Metabolizing sorrow through art
"There's a crack in everything, that's how the light gets in." - Leonard Cohen
I was a generally happy kid who listened to sad songs for the inexplicable thrill of experiencing big human feelings. Snuggling my dog, I couldn’t stop my eyes from welling up with each minor key crescendo, goosebumps traveling up my arms and down my spine.
I have always loved rainy days, poetry, and deep conversations. More old soul than new, if you will.
But for a long time, following my son’s three open-heart surgeries, grueling hospitalizations, and traumatizing cardiac arrest – followed by his mesmerizing recovery – I was in what Anne of Green Gables would have called “the depths of despair, ” minus Anne’s dramatic hyperbole. Beyond waltzing with melancholy, I was drowning in it.
In order to shake my depression and continue living a full, joy-filled life in tandem with both everyday and existential sorrows, I closed the door to art-induced, optional melancholy. I acknowledged its beauty, but I kept it at arm’s length. Reality had enough of it. I simply couldn’t handle any unnecessary brooding in the form of story or music.
I closed the door to melancholy In order to teach my kids to read. In order to put together an art project for them. In order to make breakfast, lunch, dinner, and snack ad infinitum.

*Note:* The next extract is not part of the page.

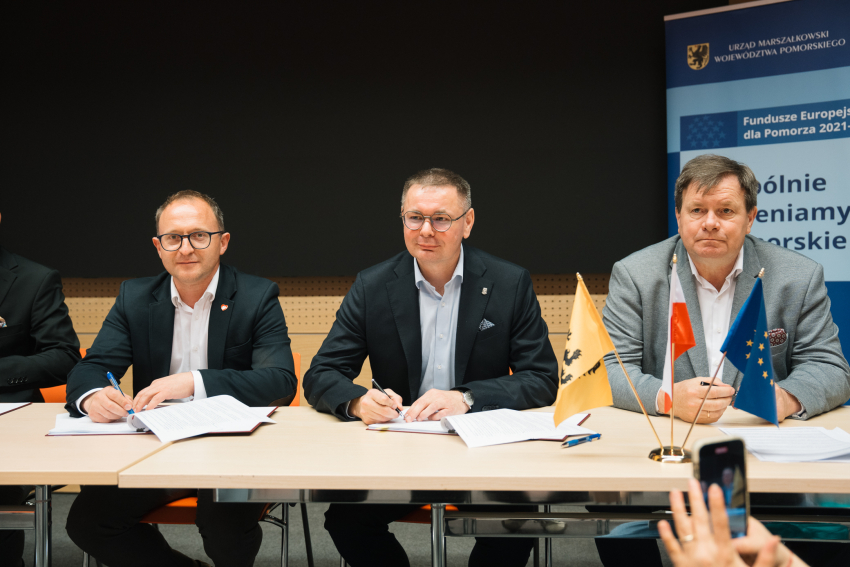 Zdjęcie: Łukasz Tokarczyk/Pomorskie.eu Zdjęcie przedstawia trzy osoby siedzące przy stole prezydialnym.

I became the person who finds the positive in every situation. The person who dutifully fills out her gratitude journal.
You all can watch your television dramas and news networks. I will watch funny animal videos before bed, thankyouverymuch.
Give me all the happy songs. Tell me jokes. Find humor in everything. Make pretty things. Because if you let something slip by my defenses, say, a slightly sentimental children’s book, I will cry.
It’s not that I think crying is bad. It’s just that I worry that if I start, it will be hard to stop. The world is very heavy, and it’s taken decades of putting up fences around my heart to be able to function as a highly sensitive person in a deeply wounded, yet somehow still fast-paced, world.
These fences have been helpful for the last decade or so. I’ve tried not to worry about changing what I can’t change (a medical diagnosis that won’t go away is at the top of my list) and have tried to love (and be mostly happy) in the life circumstances I have been dealt.
The whole “you can’t choose what happens to you, but you can choose how you react to what happens to you” thing. I was choosing happiness, darn it!
But lately, it’s been harder to choose happiness, for whatever reason. I’ve been feeling raw. Vulnerable. Like life is moving quickly, change is in the wind, and I want to slow down and feel the deeply connective sadness of a tragically beautiful piece of art.
Last week, I listened to this Creative Pep Talk episode, an interview with author Susan Cain. There were many incredible insights that had me nodding my head in agreement, but then Susan said:
“Whatever pain you can’t get rid of, make that your creative offering.”
I about stopped breathing, and tears welled up, on a regular day after summer camp drop-off.
I’ve decided it’s time for me to open up to sadness. And, in a sense, return to my roots.
This little crow, pattern by Ann Wood, is a step toward making art, of being in the world, in a way that honors the beauty in darkness.
Somehow, when I opened up the door to melancholy, to making something imperfect and layered and from a bin of scraps, I experienced a sense of wholeness that I had been missing.
I hand-stitched this crow during a hard week. The process helped me lean into the sadness, rather than pushing it aside.
Every stitch helped me metabolize my sorrow into its other true form: redemptive, full-spectrum beauty.